TASK:
The pictures must be left out, while the rest of the data is copied exactly.

Segment Start: DATA BLOCK

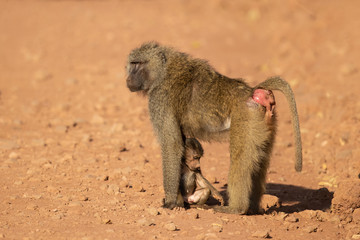 Olive baboon (Papio anubis), also called the Anubis baboon, is a member of the family Cercopithecidae (Old World monkeys).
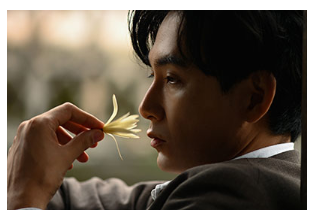 f:id:cenecio:20191228164302p:plain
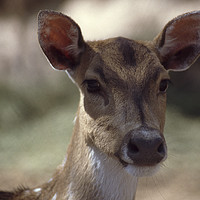 Buy canvas prints of Deer portrayed at African Lion safari in 1993 by Alfredo Bustos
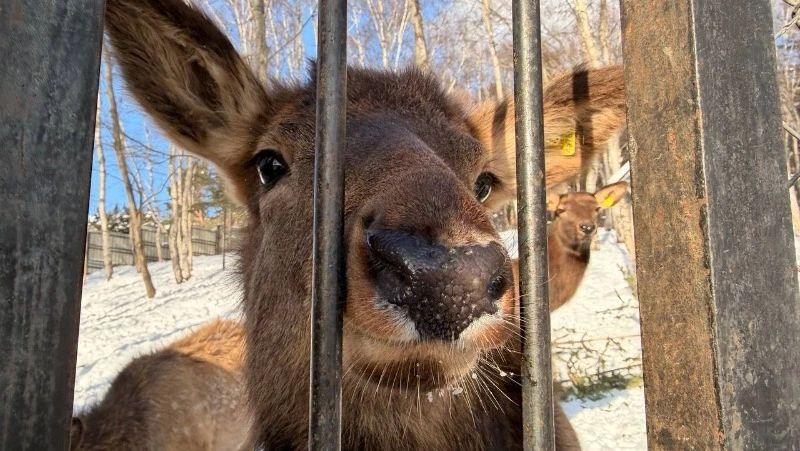 «Беби-бум» и новые соседи: в Сахалинском зоопарке большое пополнение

Segment End: DATA BLOCK

SOLUTION FOR THIS TASK:
 Olive baboon (Papio anubis), also called the Anubis baboon, is a member of the family Cercopithecidae (Old World monkeys).
 f:id:cenecio:20191228164302p:plain
 Buy canvas prints of Deer portrayed at African Lion safari in 1993 by Alfredo Bustos
 «Беби-бум» и новые соседи: в Сахалинском зоопарке большое пополнение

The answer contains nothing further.